§ **Collected data**
━━━━━━━━━━━━━━━━━━━━
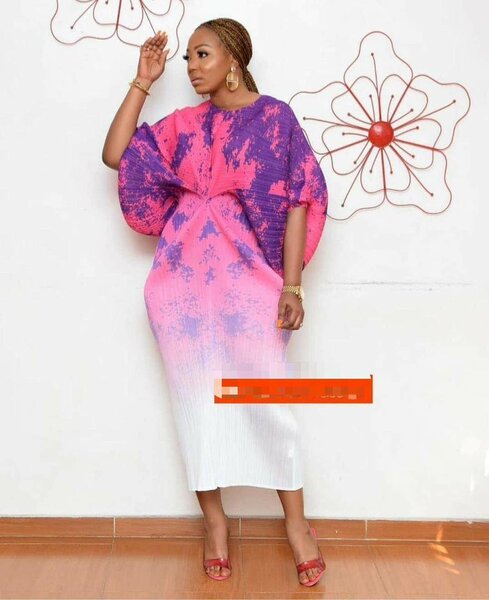 Dee wear Turkey made Dresses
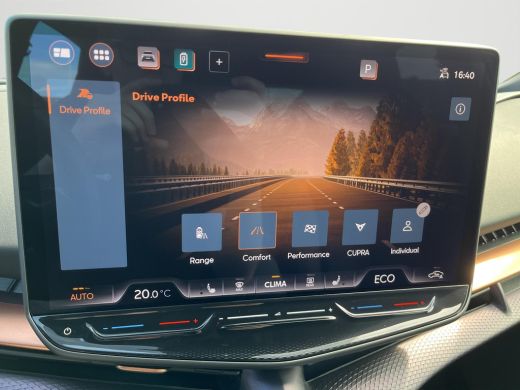 CUPRA Tavascan Business 82 kWh | 286PK | Warmtepomp | A.cam | ACC | ActivLease financial lease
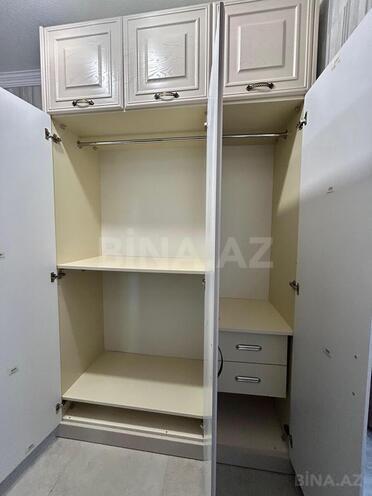 Сдаётся 2-комн. новостройка 70 м², м. Гянджлик, photo 19 from 23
━━━━━━━━━━━━━━━━━━━━
§ **Task details**
Exclude every picture, then reproduce the remaining data character for character.

§ **Expected answer**
 Dee wear Turkey made Dresses
 CUPRA Tavascan Business 82 kWh | 286PK | Warmtepomp | A.cam | ACC | ActivLease financial lease
 Сдаётся 2-комн. новостройка 70 м², м. Гянджлик, photo 19 from 23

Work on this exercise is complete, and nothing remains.